There Bob Dylan stood, right in front of me, in all his glory, wearing his signature faded jeans and black motorcycle jacket. “Hi,” he said to me softly, ‘How are you doin’?”

This was all a bit too much for me to take in. Here I was going to a place that I thought would be trying to teach me to go back into time, to become like my grandmother, and here was the king of all things hip and cool, a 1960’s prophet, the master of rebellion against the establishment, right there in front of me, in the flesh.

Despite feeling as if I had been just struck by lightening, I mustered up a meek,’ I’m fine.” Then Bob Dylan came over to me and gave me a gentle pat on my back and said, ’It’s cool, don’t worry, everything is cool. It’s gonna be alright.” And he walked away, through the hallway and disappeared as fast as he had come.

I immediately found a payphone and called my friend David.

‘Bob Dylan is here! And he talked to me”

‘Then that must be a cool place,’ David said, and he later followed me to Crown Heights. After all, if Bob Dylan was there, then David was right, this was a cool place, and I felt better about being there. In fact, I felt like I was in the right place at the right time, and at that moment, I decided that if one of my teen idols was studying there, then I would stick it out too.

Bob Dylan never stayed the course as far as Yiddishkeit goes, he travelled a very zig zagged road, in and out of a number or religions. In a strange way though, one could say that Bob Dylan brought me back, with just a few kind words, when I was facing a fork in the road, he showed me the correct path.

Originally Posted on March 13, 2006

7 comments on “Bob Dylan and Me

  1. bob dylan has been the background music to my life. i keep on coming back to lines in songs at different times and they have been a great source of consolation and support.I use his insights in my work with drug addicted youth especially “he not busy beeing born is busy dying”..love and thanks to you all!

  2. Wow!
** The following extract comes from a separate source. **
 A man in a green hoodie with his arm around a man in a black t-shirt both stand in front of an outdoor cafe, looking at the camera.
It’s a small world.

    I stayed at the Lubavitch House in “S. Paul” for the last days of Yom Tov that year. I was disappointed at the time that I had missed out on meeting Bob Dylan by the Seder. But, it must have been determined Min Hashomayim that I didn’t need (or deserve?) that experience.
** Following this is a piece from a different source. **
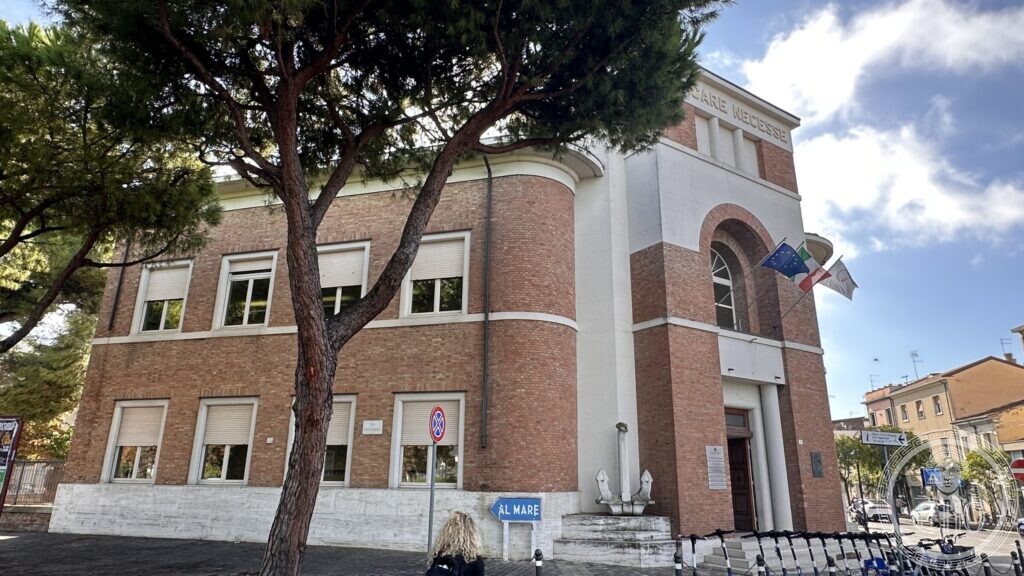 The building seen past a stone pine, brick above a white render plinth, with the entrance arch at the right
    Anyway, thanks for bringing back old memories.

    A freilichen Purim.

  3. Growing up in Far Rockaway, NY, I have another little Dylan tidbit. I don’t know if it’s true (urban legend?) but… The story goes that Dylan spent a week or so learning with Rabbi Sholomo Freifeld zt”l. He would travel by cab each day for his sessions. A local cab driver realized it was Dylan who was entering Yeshivas Sh’or Yoshuv and asked him why would he be intersted in that. As the story goes he answered “Out here is darkness, in there is light.”

  4. Dylan’s piece, “Percy’s Song” has the line “turn, turn, turn again”, which might be apt for this group, except that Dylan himself has clearly taken a wrong turn. What actually happened in his case to derail his earlier progress toward teshuva?